Une centaine de députés ont d’autres activités

Le lendemain, Olivier Véran a confirmé à l’AFP qu’il enfilerait de nouveau la blouse, un jour par semaine, à la clinique des Champs-Elysée. Un passage dans le privé très critiqué. Mais l’ancien ministre de la Santé est loin d’être le seul à vouloir conserver une activité hors du Palais Bourbon. Selon l’analyse des déclarations d’intérêts et d’activités des députés par la Haute Autorité pour la transparence de la vie publique (Hatvp), un député sur six conserve au moins une activité professionnelle en parallèle de son mandat (94 élus, soit 17 %*). Par ailleurs, 81 % des activités conservées sont exercées dans le secteur privé.
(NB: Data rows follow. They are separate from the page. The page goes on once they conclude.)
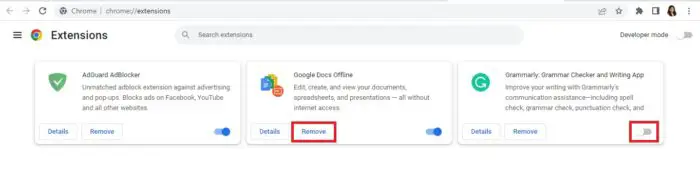 Remove or disable Chrome extensions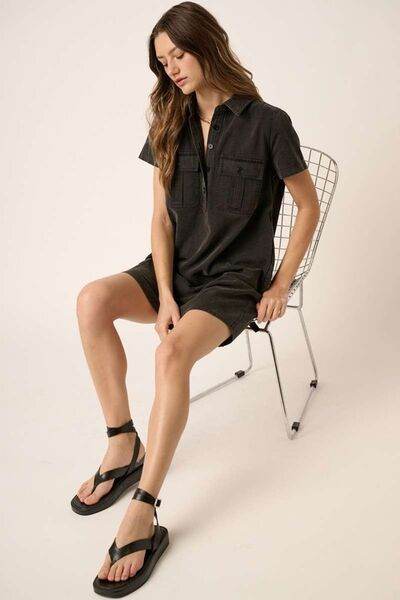 Mittoshop Button Detail Collared Neck Short Sleeve Shirt Dress - Shop Style & More | Fresh Looks, Everyday Deals & Free Shipping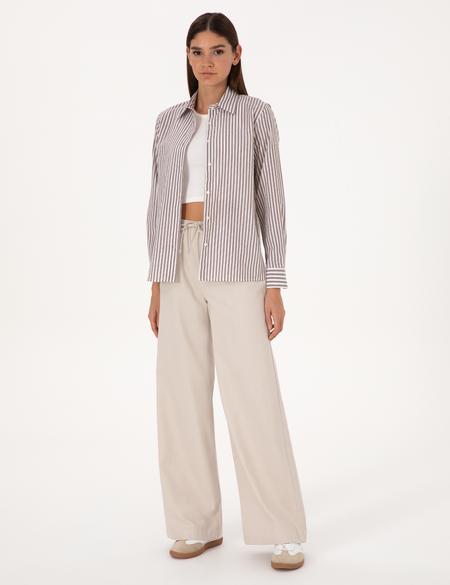 Kahverengi Çizgili Comfort Fit Uzun Kollu Gömlek - 50318226009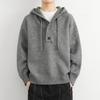 Suéter de Tricô Pulôver com Capuz para Outono e Inverno, Jaqueta de Suéter Grossa para Homens, Moda Japonesa, Top de Estilo Casual Solto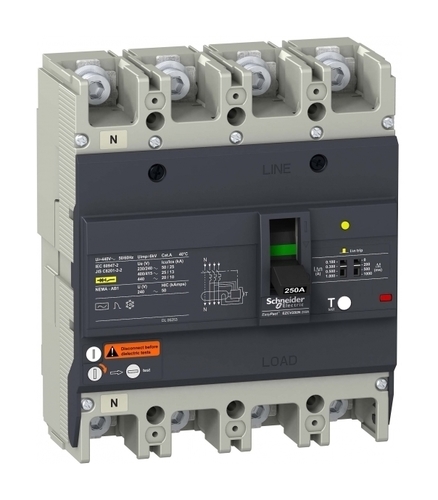 Силовой автомат Schneider Electric Easypact EZC 250, TM-D c диф защитой, 25кА, 4P, 250А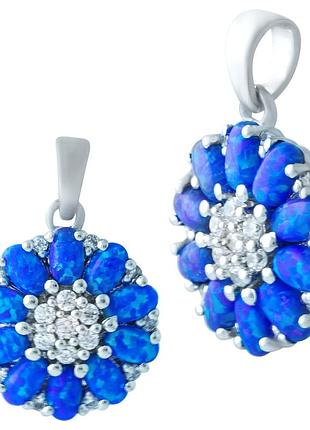 Підвіска срібна родована з опалом 1.533ct, проба 925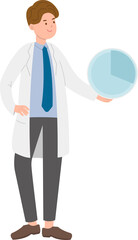 Male paramedic or doctor or nurse with pie chart with statistic chart, percentage infographic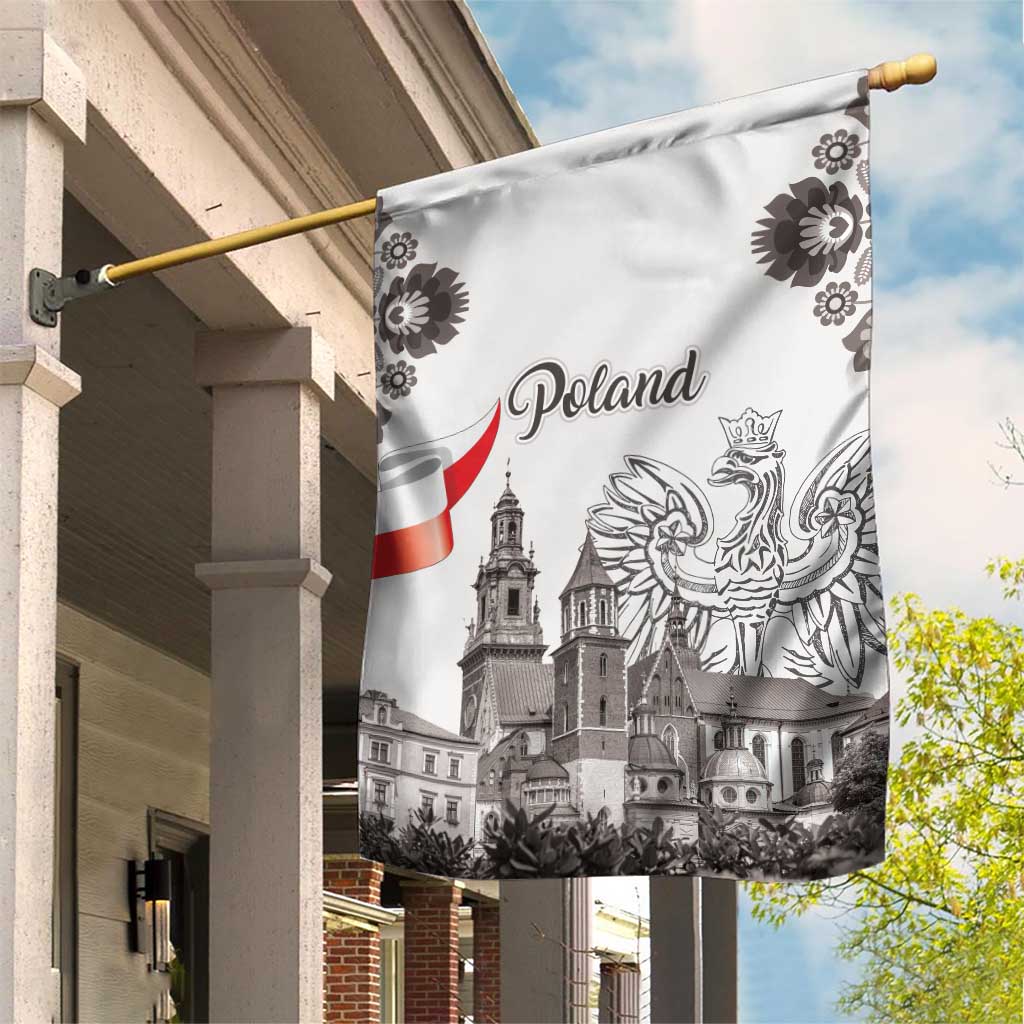 Poland Eagle Heritage Garden Flag Wawel Castle Polish Wycinanki Folk Pattern - Wonder Print Shop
« Ce constat n’est pas nouveau et s’est accentué ces dernières années pour répondre aux critiques sur la professionnalisation de la vie politique, remarque Olivier Costa, directeur de recherches du CNRS au Cevipof. C’est un débat complexe, car le public souhaite des députés en phase avec la société, qui représentent une diversité de métiers, mais également des élus à plein temps sur leur mandat », remarque le spécialiste du Parlement.

Des limites aux activités possibles

Si la question des formations n’est pas réglementée, plusieurs mesures régissent le maintien en activité d’un parlementaire (voir ici). Outre le cumul des mandats, un député ne peut diriger ou conseiller des entreprises nationales ou des organismes dépendant de la puissance publique. Il est également interdit d’être magistrat ou d’exercer des fonctions de direction dans certaines sociétés privées qui bénéficient de subventions publiques. L’activité de conseil (consulting, expertise) est également bien plus encadrée depuis la loi de moralisation de la vie publique, votée en 2017.

« L’idée générale est d’éviter qu’un député s’invente un métier de consultant ou d’avocat en cours de mandat afin de prévenir les risques de conflits d’intérêts », rappelle Olivier Costa. Un député ne peut pas non plus continuer une activité de conseil commencée moins d’un an avant son début de mandat. S’il est avocat, il a, comme l’ensemble de son cabinet, l’interdiction de consulter ou de plaider contre l’État, les collectivités ou les établissements publics.

Par ailleurs, la plupart des fonctionnaires (professeurs d’université exceptés) ne peuvent pas exercer et sont placés en position de disponibilité. Ces derniers pourront retrouver un poste à la fin de leur mandat.

Suffisant pour éviter les conflits d’intérêts ?

« Cette évolution vers davantage de transparence, à travers les déclarations à la Hatvp, est plutôt positive, mais la situation reste discutable sur deux plans, poursuit Ines Bernard, déléguée générale d’Anticor, association spécialisée dans l’anti-corruption. Quand un député poursuit une autre activité, ça veut dire qu’il donnera moins de temps à l’Assemblée ; ça pose donc la question d’un potentiel manque d’implication dans un mandat censé être à plein-temps et connu pour être chronophage ».

L’autre question soulevée par l’association est celle de l’indépendance des députés. « En réalité, il y a peu de contrôle, car un député doit lui-même se déporter d’un texte [ne pas prendre part au débat ou au vote] quand il juge qu’il peut se trouver en conflit d’intérêts, mais il n’en a pas l’obligation », ajoute Ines Bernard. Seule une poignée de parlementaires se sont ainsi « déportés » d’un texte de loi depuis le début de la mandature en 2022. Contacté par 20 Minutes, le déontologue de l’Assemblée, chargé de contrôler ces questions éthiques, n’a pas répondu à nos sollicitations.

* Les statistiques ont été élaborées sur la base des déclarations d’intérêts et d’activités de 569 députés de la XVIe législature, accessibles en ligne sur le site internet de la Haute Autorité (www.hatvp.fr).